Internally, it is time to clean up the mess. During the previous phases, we had focused on taking shortcuts to achieve Product/Market Fit as fast as we could. Probably, these shortcuts added up and became technical and organisational debt, which can be a serious bottleneck when we want to grow at the speed of light. At this point, we will need a process organisation dedicated to refactoring our technical and people structures.

A note about approaching Competition

We must avoid looking to competitors from the point-of-view of being a player in the market.
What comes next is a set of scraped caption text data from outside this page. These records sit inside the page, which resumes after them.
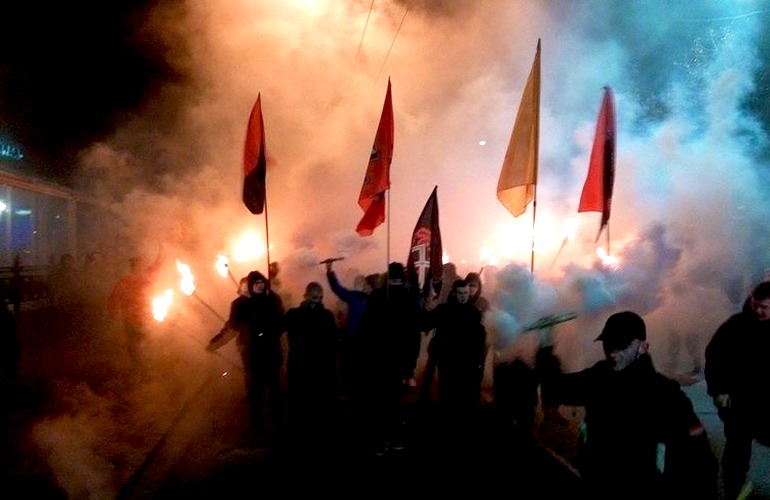День рождения Степана Бандеры в Житомире отметили факельным шествием. ФОТО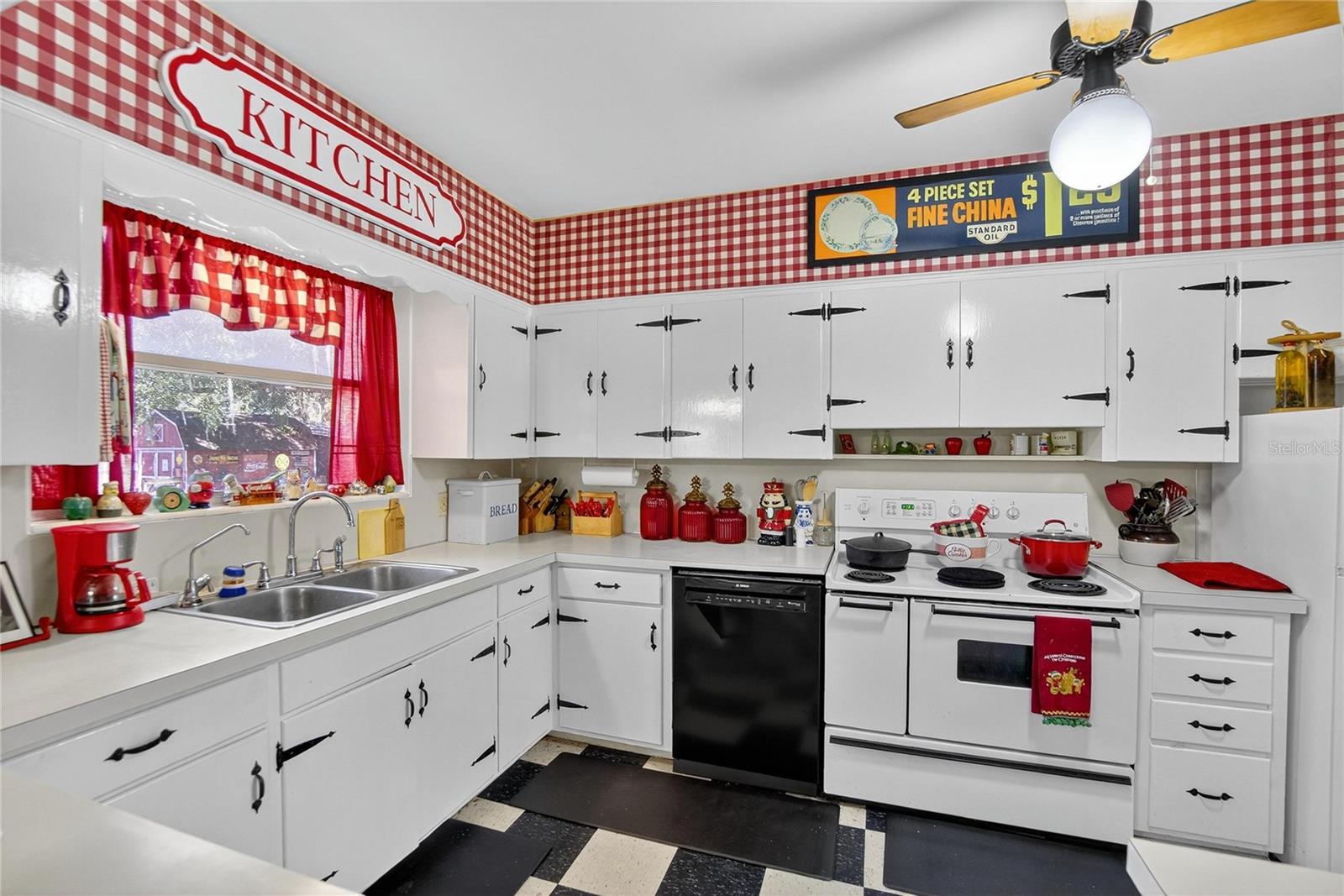 Image 14 of 51 For 2203 Hidden Pond Road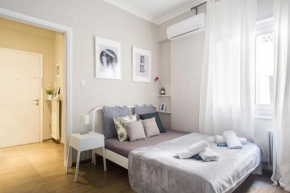 Your stay next to Acropolis!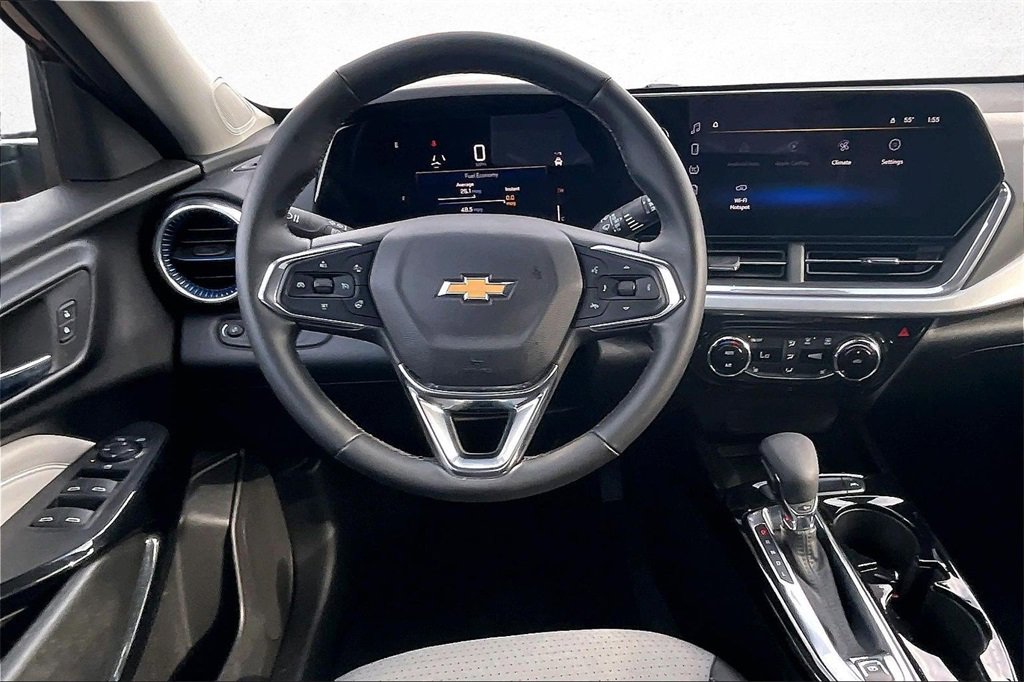 Used 2024 Chevrolet Trax LT w/ Sunroof Package image 9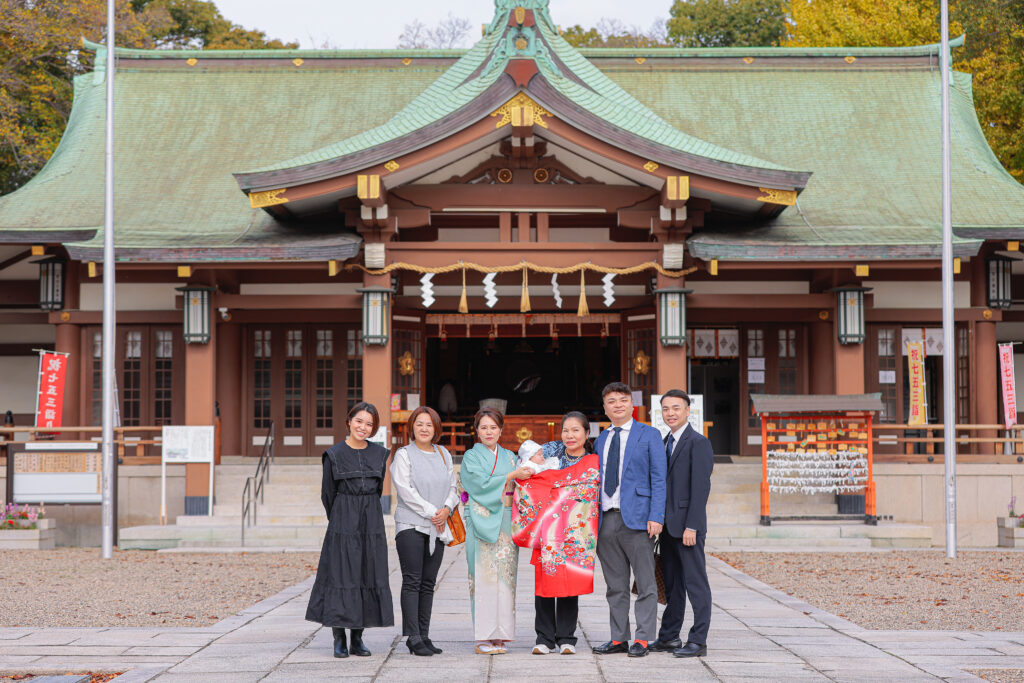 大阪護国神社で集合写真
Instead, we must view them from the customer’s point-of-view (as a user, what are the alternatives that I have to solve a particular problem — vide Jobs-To-Be-Done).
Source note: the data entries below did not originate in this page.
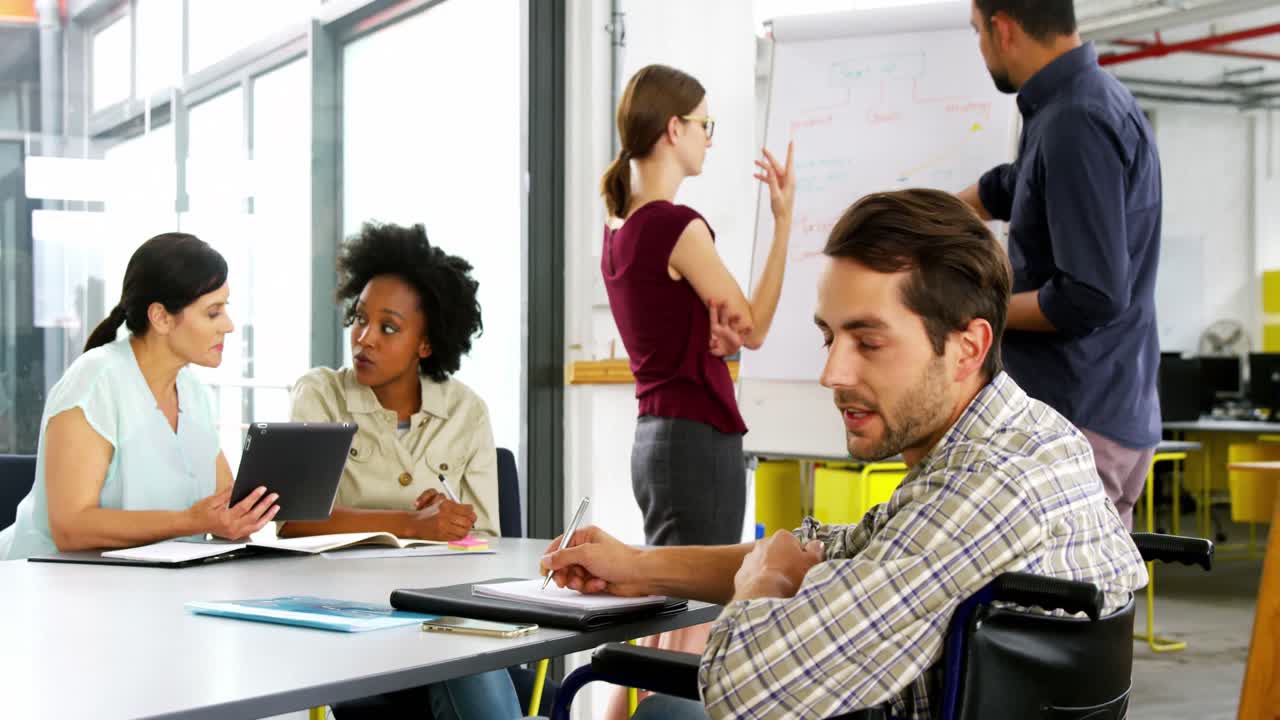 ejecutivos de negocios discutiendo durante la reunión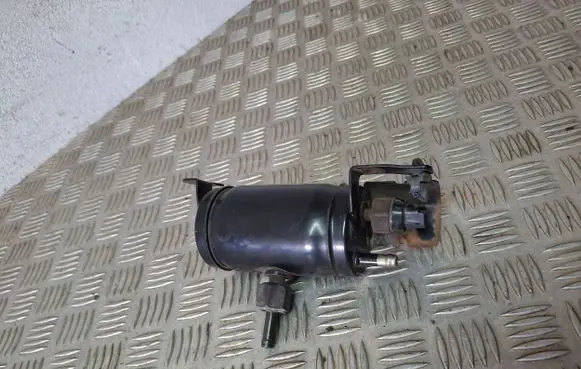 Vacuum air tank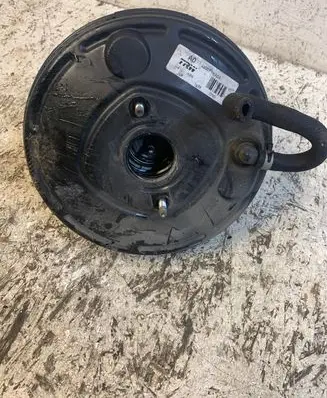 Nissan Juke I F15 Brake booster 460071ka0a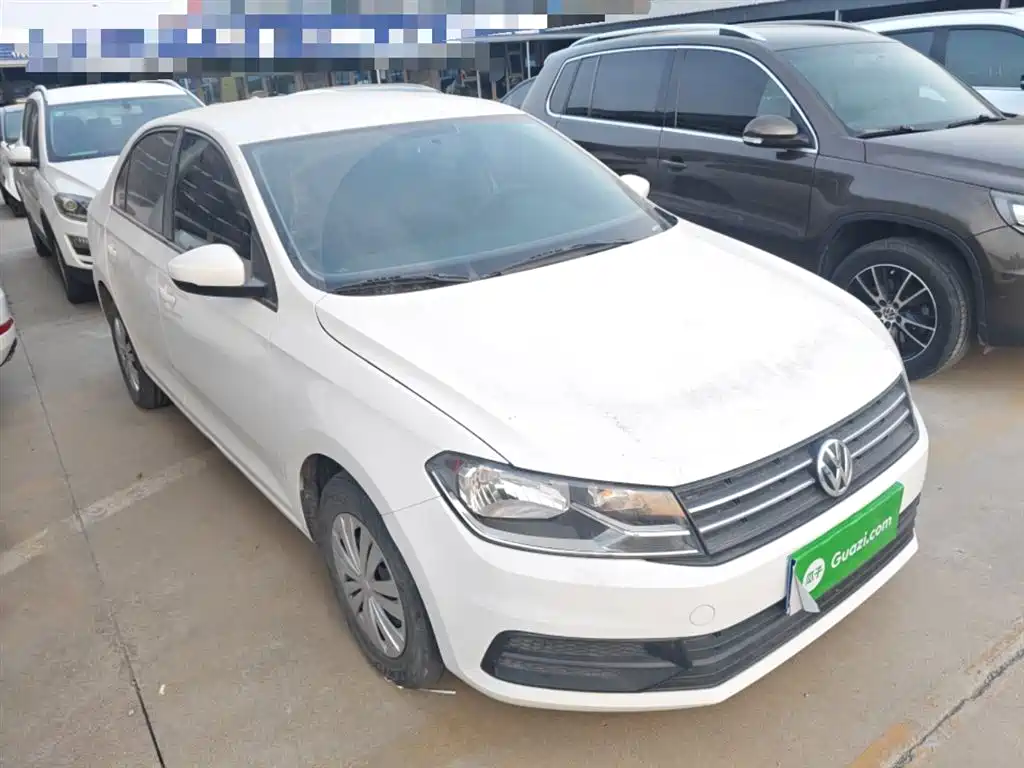 Santana 1.5 L Manual Style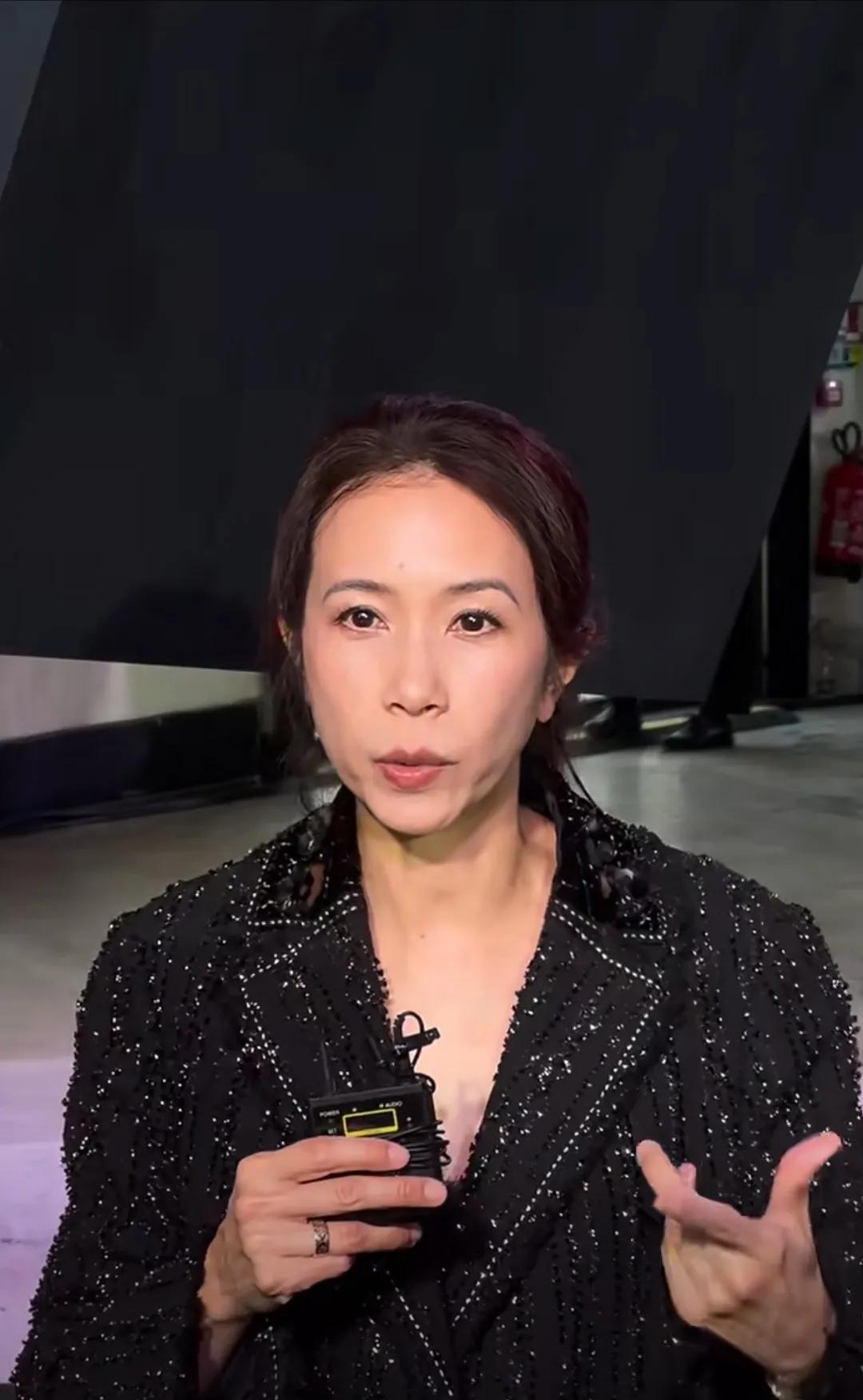 巴黎时装周看到了莫文蔚，54岁的莫文蔚扎马尾辫好可爱啊，笑起来很甜，状态很好了，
Performing well in comparison with other players is a natural consequence of first performing well in solving the most relevant JTBD of our Customer Segments. Products create value in the marketplace based on how well they do “the job” better than other alternatives. Using this approach is key in continuing to be the disruptor — instead of being the disrupted.

However, shouldn’t we keep an eye on competition?! How are they creating value? How should we strategically position our brand in the customer’s mind?

Chasing parity with competitors is also very important. To do so, I like to use the “80% Benchmarking | 20% Innovation” mindset. The 80% Benchmarking guarantees that we always have the right mix of solution alternatives for the users (for example, Instagram copying Snapchat Stories). And the 20% Innovation is crucial in making our value proposition unique.

4. Product Backlog, Prioritisation and Roadmap

After going through The Product Baseline, Experimentation, and Launching Strategy, your product backlog is probably looking like a bunch of different product initiatives.

Possible product initiatives:

  • Prototype Ideation (ethnographic research and prototyping)
  • Prototype Validation (motivation, ability, triggers)
  • Product Development (functional, non-functional, spikes, BAU)
  • Growth Optimisation (Metrics and AARRR)
  • Community Building

Building a Product Backlog with User Story Mapping

User Story Mapping is a way to map the future state of the product and slice it out into phases. It’s a map from the outcomes to the outputs, which uses a storytelling format to connect the strategy to product development.

Source: User Story Mapping by Jeff Patton

Steps to create a User Story Map:

  1. Framing the desired outcomes — business goals, customer segments, product principles
  2. Creating a map of the User Tasks and Product Touch Points
  3. Prioritising it into phases — based on Customer Value

Delivery Plan and Roadmap

Once you have mapped out the whole user story and prioritised it into phases, the next step is to elaborate upon how the team is going to build it. The approach described below is based on Agile Delivery best practices.

Getting the Product Backlog ready to go:

  • Envision (Initial modelling and delivery planning, initial requirements and release plan, epic story validation and breakdown)
  • Cards creation and (rough) estimation
  • Prioritisation based on Feasibility
  • Match with team capacity and define roadmap

Getting the Sprint Backlog ready to go:

  • Write User Stories and Acceptance Criteria
  • Sprint Planning (super quick)
Source: User Story Mapping by Jeff Patton

Prioritisation Guidelines

A Product Team must be focused on Learnings and Impact. Learnings are the foundation. The more you know about your users, product, and channels the better you become at coming up with solutions that influence growth.

However, it isn’t enough to just learn. The purpose of a team is to have impact on growth. Impact starts with identifying the biggest problem or area of opportunity using quantitative and qualitative data.

Intuition also plays an important role when coming up with possible solutions or opportunity initiatives. Usually, the best insights come from the intersection of Quantitative Data, Qualitative Data, and Intuition.

The guidelines described in this blog post can be used to launch new products from scratch, as well as to improve products that have millions of active users and thousands of subscribers. Whether used in a startup or in a large organisation, these best practices will help your team to build, launch and manage products that get and keep more customers.